Fix corrupted / malformed SQLite database (home-assistant_v2.db)

e-raser · December 19, 2020, 6:27pm

I restored a snapshot when switching hardware / sd card (HASS OS on Pi 2 B 32 bit to HASS OS on Pi 3 B+ 64 bit).

Result:

The home-assistant_v2.db from a restored snapshot is malformed or corrupted. This leads so error messages and not functional Home Assistant (history graphs not generated/shown, sensor state changes aren´t stored etc.).

I tested it several times, in every test case the SQLite database got corrupted. Either during backup (creating the snapshot) or restore process.

sqlalchemy.exc.DatabaseError: (sqlite3.DatabaseError) database disk image is malformed
2020-12-19 16:08:43 ERROR (SyncWorker_6) [homeassistant.components.recorder.util] Error executing query: (sqlite3.DatabaseError) database disk image is malformed
(Background on this error at: http://sqlalche.me/e/13/4xp6)

As I was searching the HA community I quickly discovered this is a common issue, there are lots of topics related to this problem, seems to be a MASSIVE one.

The “solution” (in my opinion a workaround, at best) proposed in almost all those topics: delete the database, start from scratch. I was really wondering how everyone can accept the “just delete that damn sqlite db and your good to go!” workaround so all history data is gone.

For me personal it´s just not acceptable to loose all my history data every now and then. Especially when you´re not yet into putting medium and long-term data in e. g. InfluxDB. You never know when you´ll need to restore a snapshot, that´s what backups are for: being prepared for the worst case. So currently that´s not a reliable backup and restore progress at all.

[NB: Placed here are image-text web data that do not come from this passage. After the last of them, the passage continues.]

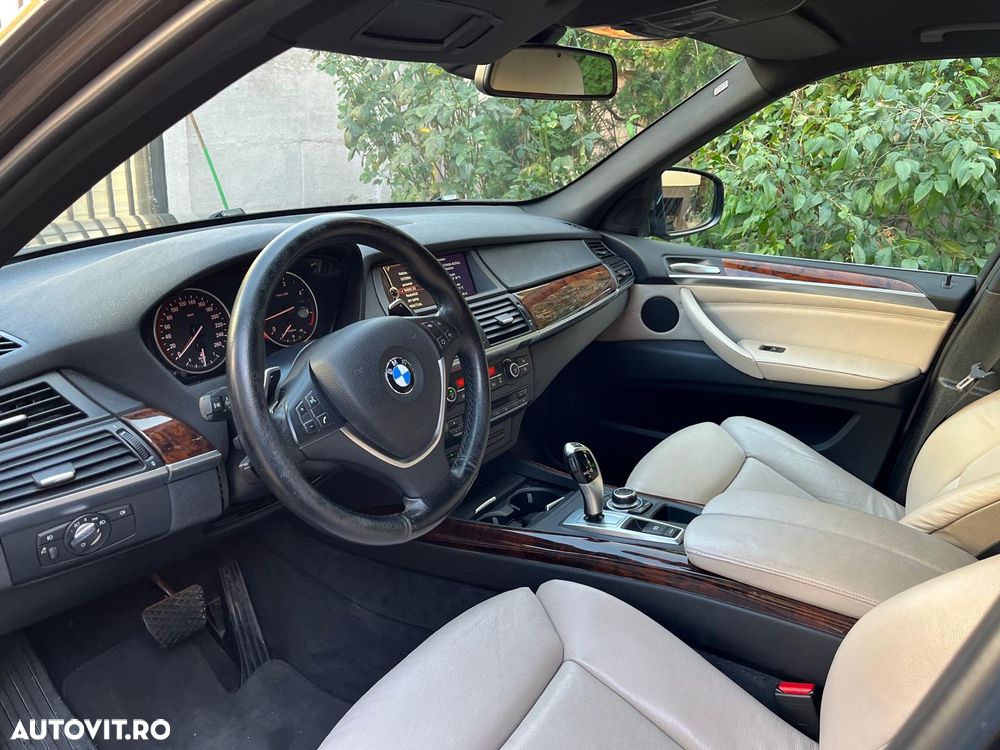 BMW X5 xDrive30d Edition Exclusive - 4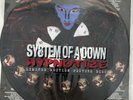 SYSTEM OF A DOWN Hypnotize - 12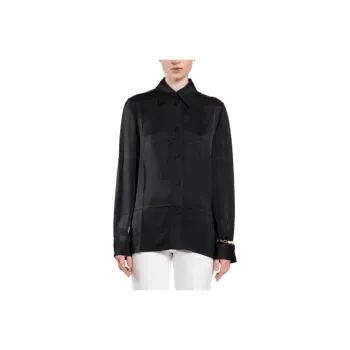 JIL SANDER Shirts Women's Black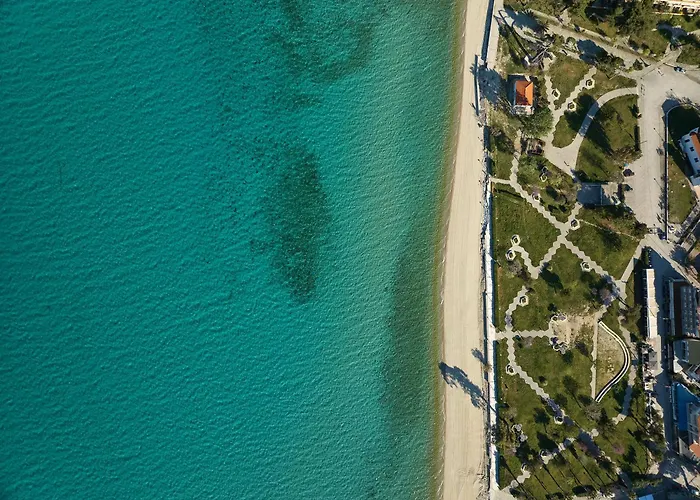 Villa Villa Paradisio 2, Pool, Sea View *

So I decided to go the hard, not that quick way to keep my database (took me 10 to 15 minutes, saving many days of data):

I ran a “pragma integrity_check;” on it and several findings were returned:
grafik

When I take a look at the home-assistant_v2.db from the running system before the snapshot, the integrity check passes (I had access to the original SD card):
grafik

Assumption: either the snapshot creation process is faulty or the restore snapshot process harms the database. It´s very unlikely it´s a storage issue (“corrupt SD cards”), especially cause in my case they´re brand new.

In theory there should basically be three ways to fix this issue WITHOUT loosing all data (no need to create a new database):

Manually backup the home-assistant-v2.db next to the snapshot. Maybe automate it. Use that one for restore purposes.
Perform a “pragma integrity_check;” on the corrupted database and fix those issues.
(see https://serverfault.com/questions/8048/how-can-i-verify-that-a-sqlite-db3-file-is-valid-consistent)
Re-create the database while keeping its data:
(source: https://zngguvnf.org/2019-12-17--homeassistant-backup-and-restore.html - see also direct post links DB image malformed. How to fix it? and DB image malformed. How to fix it? for commands on a running system)
Copy your (corrupt) database (home-assistant_v2.db) to your local linux system and do:
“sqlite3 home-assistant_v2.db “.dump” | sqlite home-assistant_v2.db_fixed”
Now delete your old (corrupt database) and replace it with home-assistant_v2.db_fixed. To do that delete the corrupt one and rename home-assistant_v2.db_fixed to home-assistant_v2.db.

I personally succeeded in using option #1 in an advanced version: luckily I had access to the original disk (SD card) so I just grabbed the database, performed an integrity check (passed) and put that database back in place, restarted HA and everything´s fine again, meaning: all recorder, history and logbook data is there.

— Some developers could take a look at it (why is the database corrupted that often?) and especially check the snapshot creation and restore progress. —

Update 2021-01-02:
Added two direct post links (DB image malformed. How to fix it? and DB image malformed. How to fix it?) in option #3 to give a practical implementation guideline of doing this on the/a live system.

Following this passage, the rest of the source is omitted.